In 2021, New York shut down the Indian Point nuclear plant—one of its last sources of zero-emissions baseload power. That same year, the state began ramping up electricity imports from Canada to fill the gap, bringing in 7,600 gigawatt-hours. Hydroelectric power alone couldn't handle the demand, so Ontario's gas plants fired up to meet the demand, releasing an estimated 1 million tons of carbon dioxide. But because those emissions occurred north of the border, New York claimed a drop in its own energy-sector emissions.

And that's the game: When Canadian hydro falters, Canadian gas steps in—but the emissions vanish on U.S. climate ledgers.

Vermont (importing over 80 percent of its electricity), Massachusetts, and much of the rest of New England operate from the same playbook. The grid operator they belong to (ISO-NE)  imports around 15 percent of its winter peak from Canada. When hydro output dropped 18 percent due to drought, gas peaker plants and fossil fuels saved the day. In 2023 alone, utilities in Quebec, Ontario, and New Brunswick generated an estimated 13.4 million metric tons of carbon dioxide—none of which appear on the emissions ledgers of states like Massachusetts and Vermont, despite their heavy reliance on imported power from those provinces. Meanwhile, the 1,200 megawatt Commonwealth Wind project was canceled outright after the developer paid $50 million to walk away, citing financial infeasibility and permitting delays.

This is not a glitch in the system—it is the system.

A 1999 rule by the Environmental Protection Agency allows states to treat imported electricity as emissions-free, regardless of how it's generated. It's a convenient accounting trick that lets politicians hit climate targets without reducing actual emissions. At the same time, domestic energy projects face a labyrinth of legal, regulatory, and activist roadblocks—thanks to laws like Title V of the Clean Air Act and a permitting system that treats any new infrastructure as a threat until proven otherwise.

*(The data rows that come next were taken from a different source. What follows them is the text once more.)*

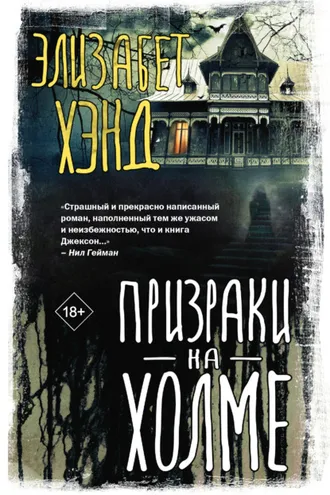 Обложка книги «Призраки на холме»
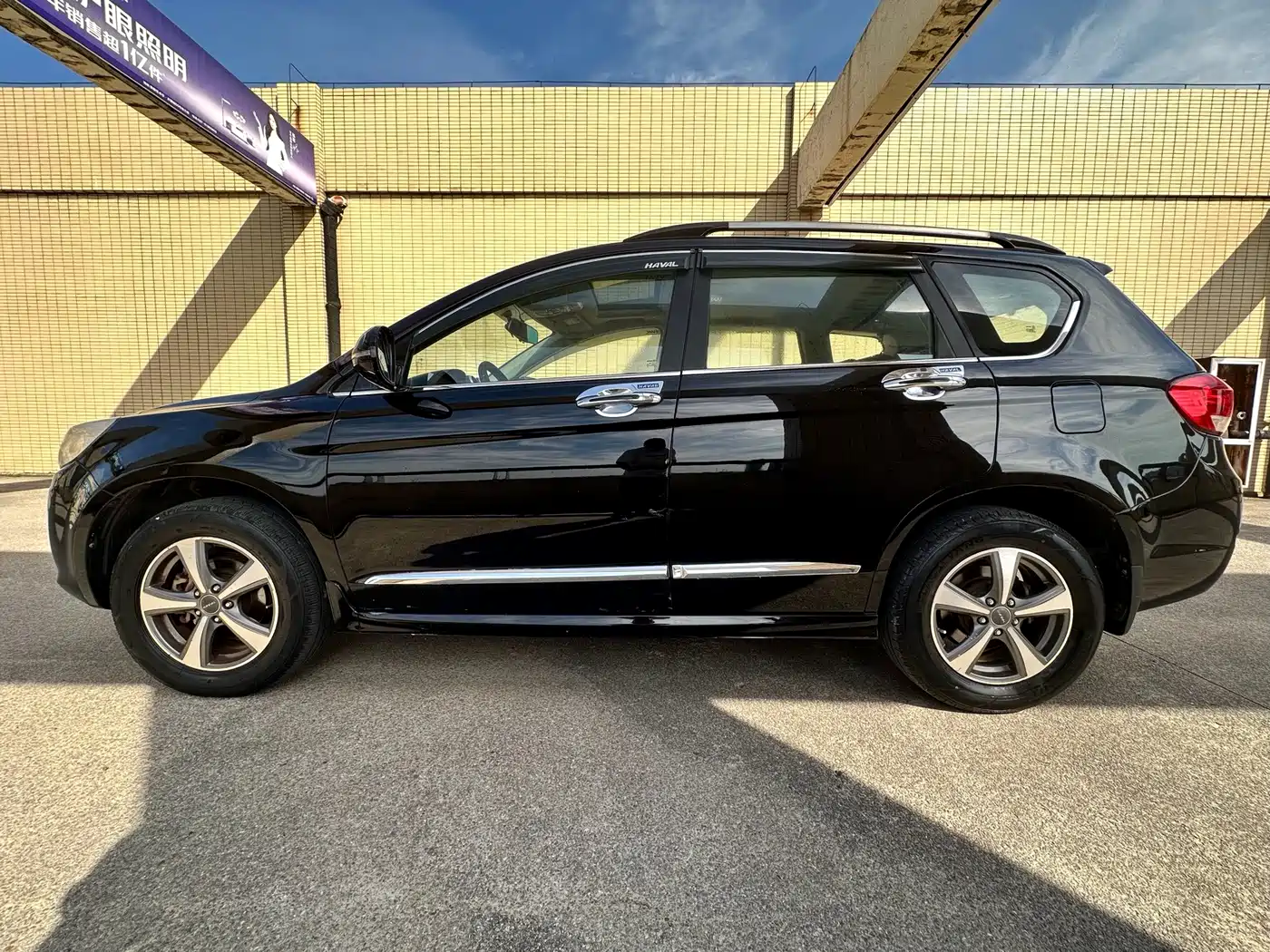 Фото 8 - Haval H6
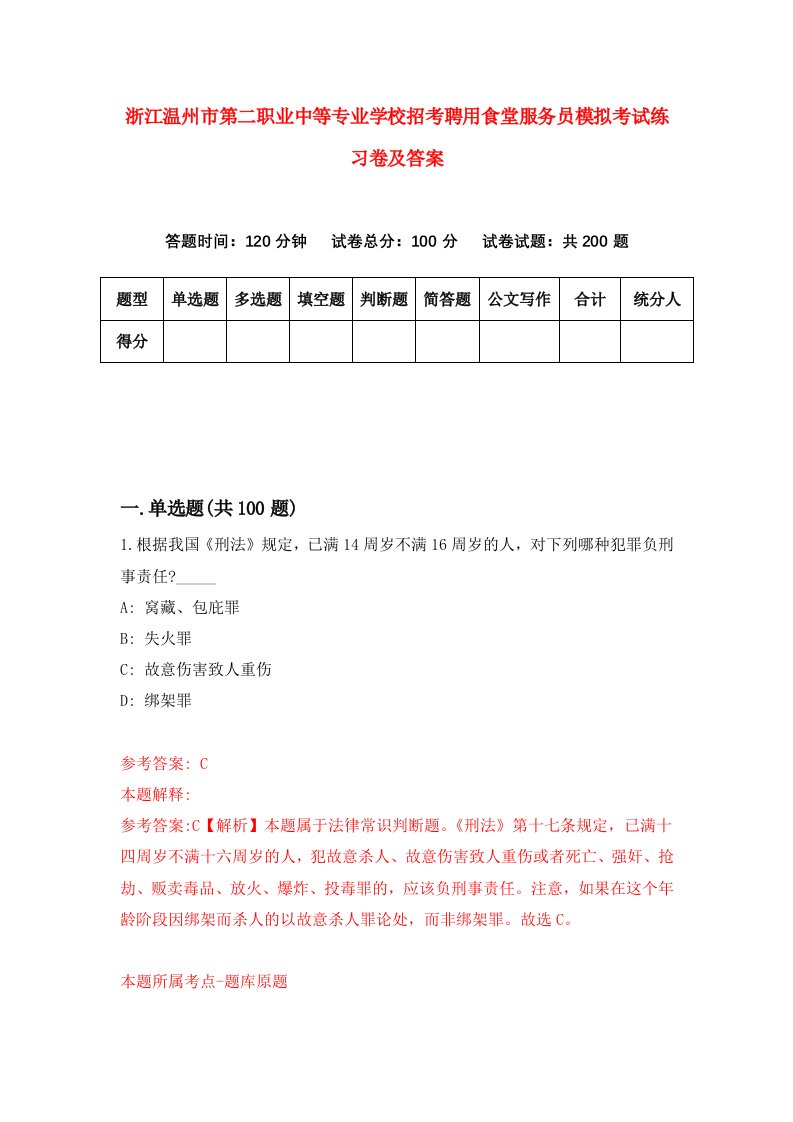 浙江温州市第二职业中等专业学校招考聘用食堂服务员模拟考试练习卷及答案第8套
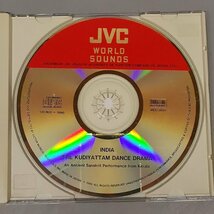 CD JVCワールドサウンズ 南インド世界最古の演劇クーリヤーッタムの音楽 神の手のパーカッション Z4167_画像4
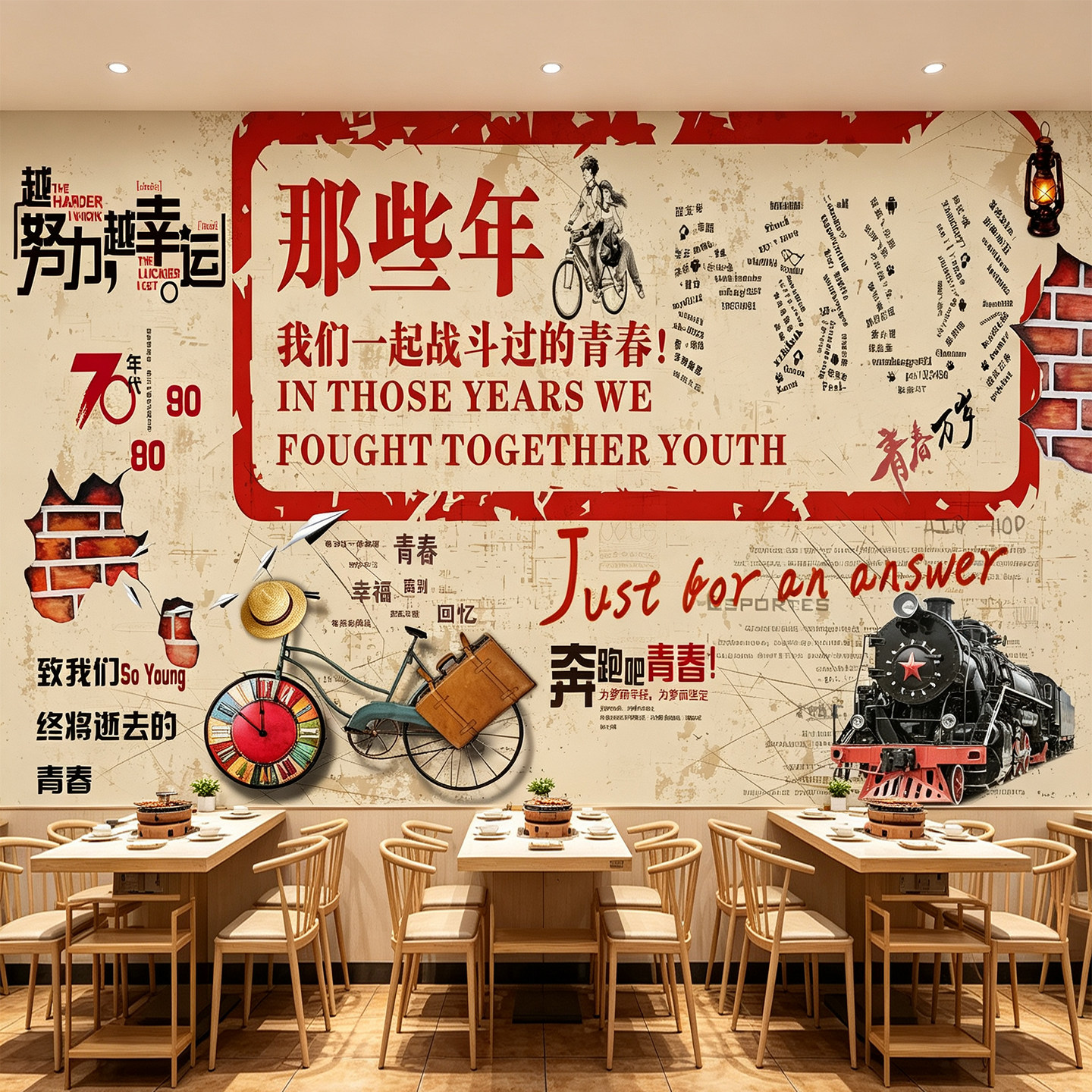 青春怀旧砖墙自粘壁画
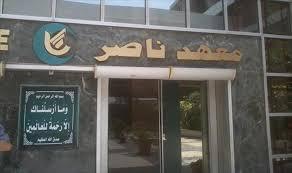 إضراب مفتوح لعمال معهد ناصر بسبب خفض الحوافز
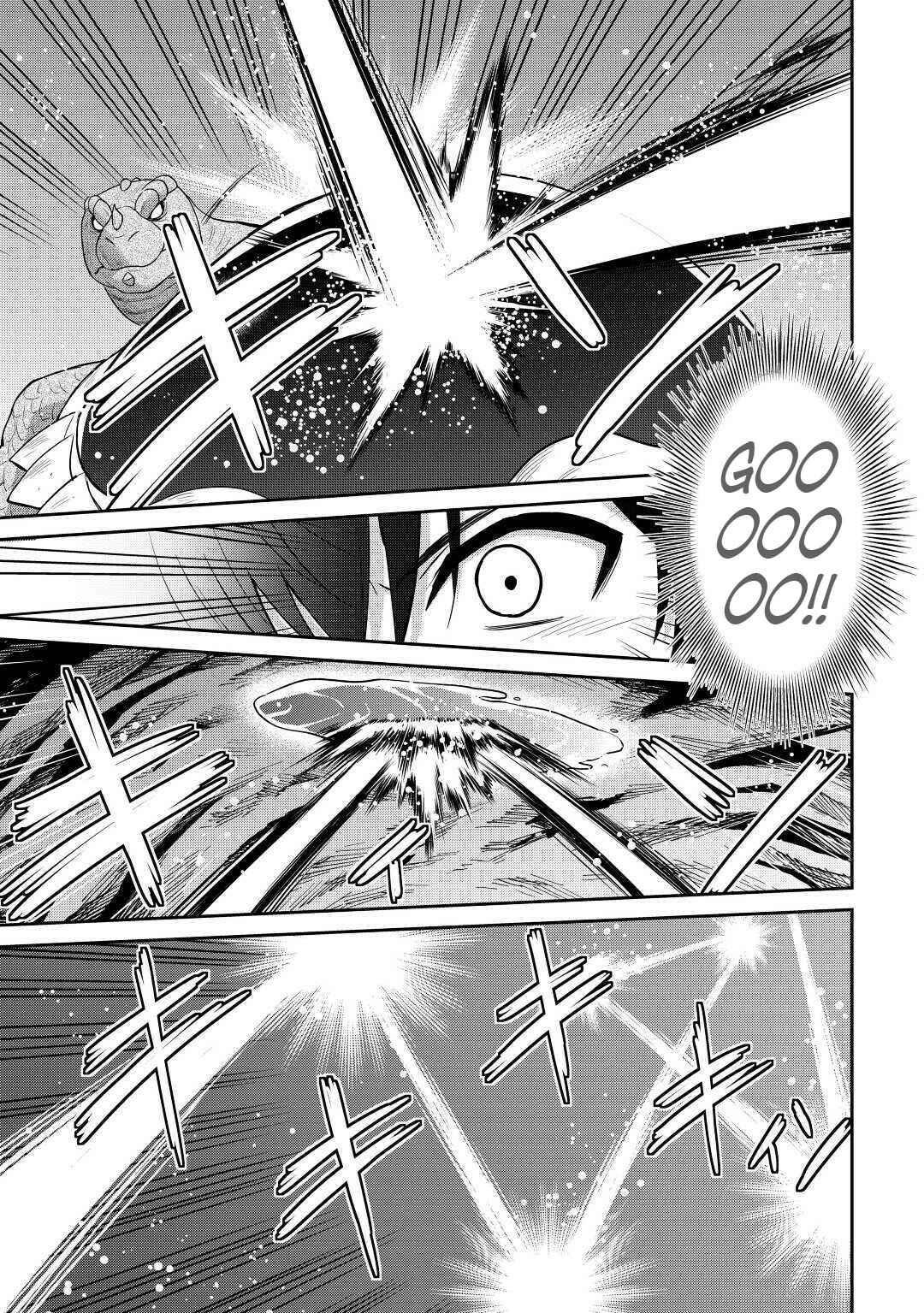Page 18 Chapter 30 The Strongest Job Is Apparently Not a Hero or a Sage, but an Appraiser (Provisional)!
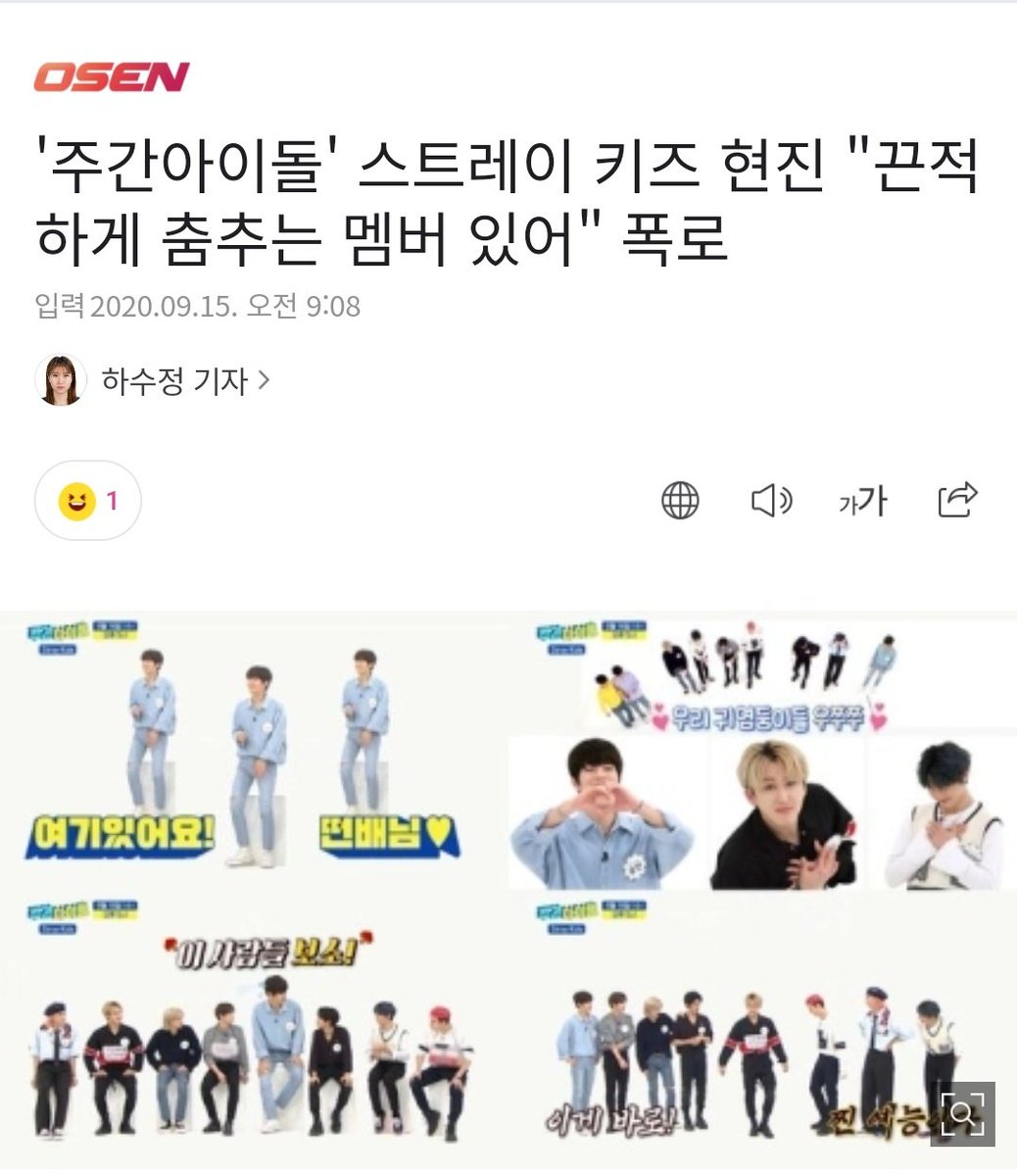  2 NEW ARTICLESAs of 9:18 am KST, there is a TOTAL of 7 ARTICLES6  http://naver.me/FkpZHVpW 7  http://naver.me/IDE8PX2K  #StrayKids  #스트레이키즈 #SKZSupportTeam++ CHECK FOR UPDATES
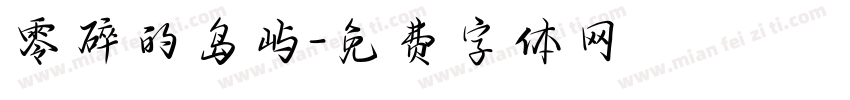 零碎的岛屿字体转换
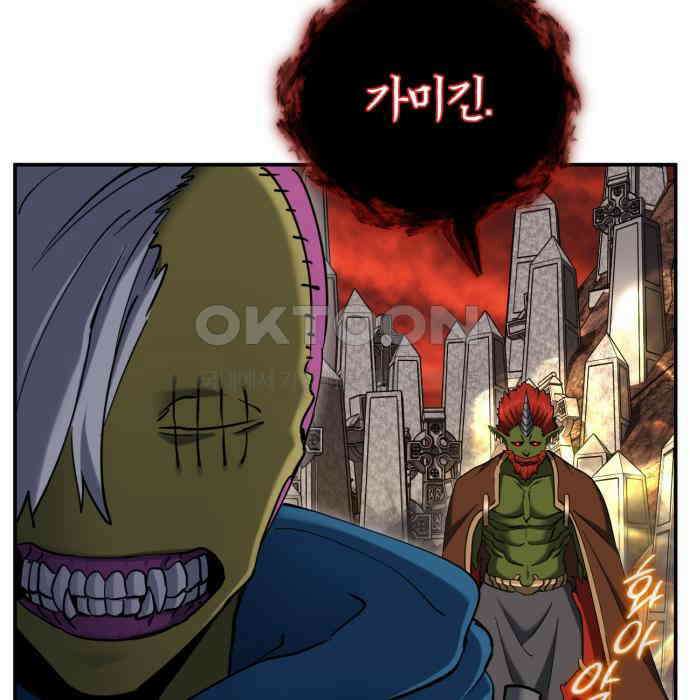구원자의 버킷리스트 53화 아서왕의 무기, 카른웬난 8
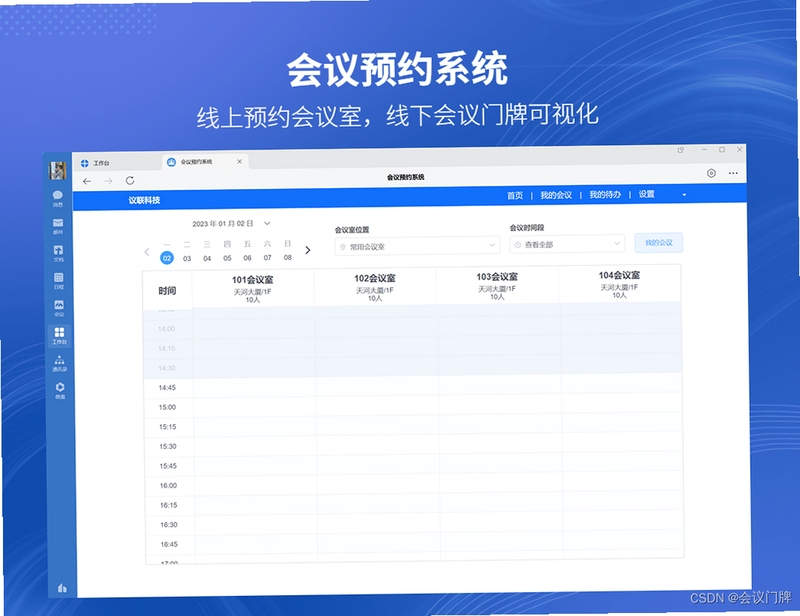 国信智会 会议预约 界面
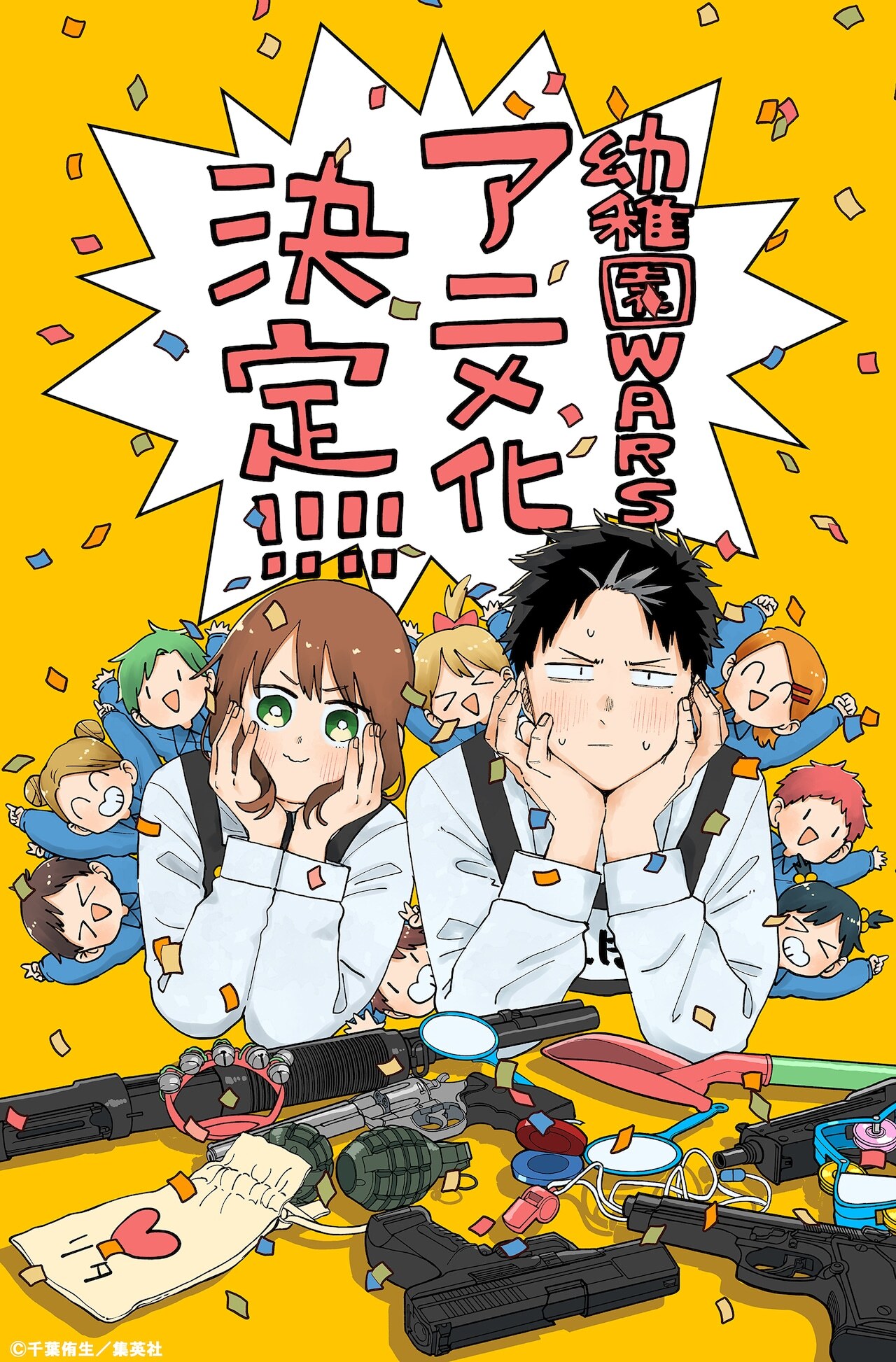 Manga ‘Youchien Wars’ Gets TV Anime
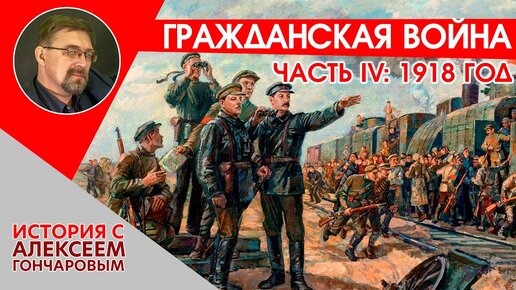 Гражданская война. Часть IV. События 1918 года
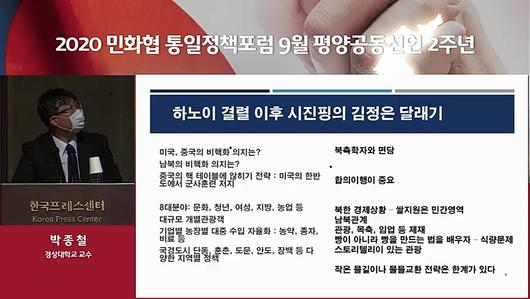 헤럴드경제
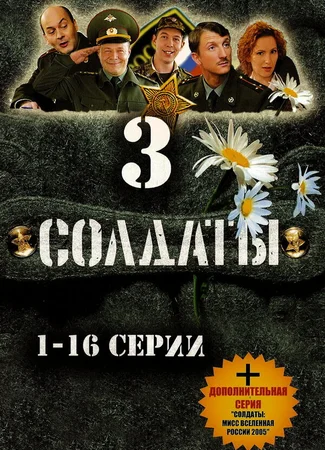 Солдаты 3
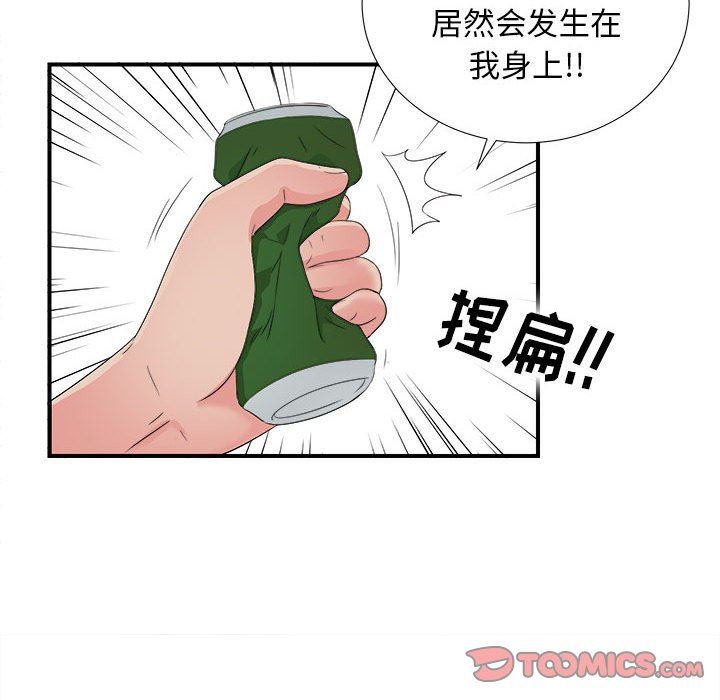 [韩国漫画] 密友 爱情,巨乳大奶#[101P]-78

We've built a political culture that worships the optics of clean energy while punishing the act of actually producing it. Across the Northeast, domestic energy projects don't just struggle—they're buried. Offshore wind collapses under lawsuits over fishing rights and ocean views. Small modular reactors gather dust in regulatory limbo. Pipelines are killed over silt and wetlands. Nuclear plants drown in litigation. 

In 2016, New York vetoed the Constitution Pipeline, leaving the Marcellus Shale untapped. Two years later, during a brutal cold snap, Massachusetts imported liquefied natural gas—from Russia—rather than lay pipe from Pennsylvania. A proposed 42-megawatt biomass plant in Springfield, Massachusetts, was blocked on a technicality in 2021 after years of permit delays and concerns over "environmental justice." Clean, local energy was too controversial. Imported emissions? No comment.

Altogether, the region has canceled enough projects to generate 42,000 gigawatt-hours a year—more than 50 percent above the power we imported from Canada in 2024. We're not out of energy. We've just outlawed reality.

We pretend it's progress. We pretend the air is cleaner. We pretend that exporting emissions is environmentalism. It's not. It's theater for climate lobbies, campaign soundbites, and activists who measure success in press releases, not power output. The emissions remain. Only the guilt is outsourced.

So no, Ford's tariff threat isn't the story—it's just the headline. The real story is what made that threat possible: our addiction to imported virtue, our refusal to build, and a regulatory culture that punishes the very act of producing energy. We're not short on power. We're just too sanctimonious to generate it.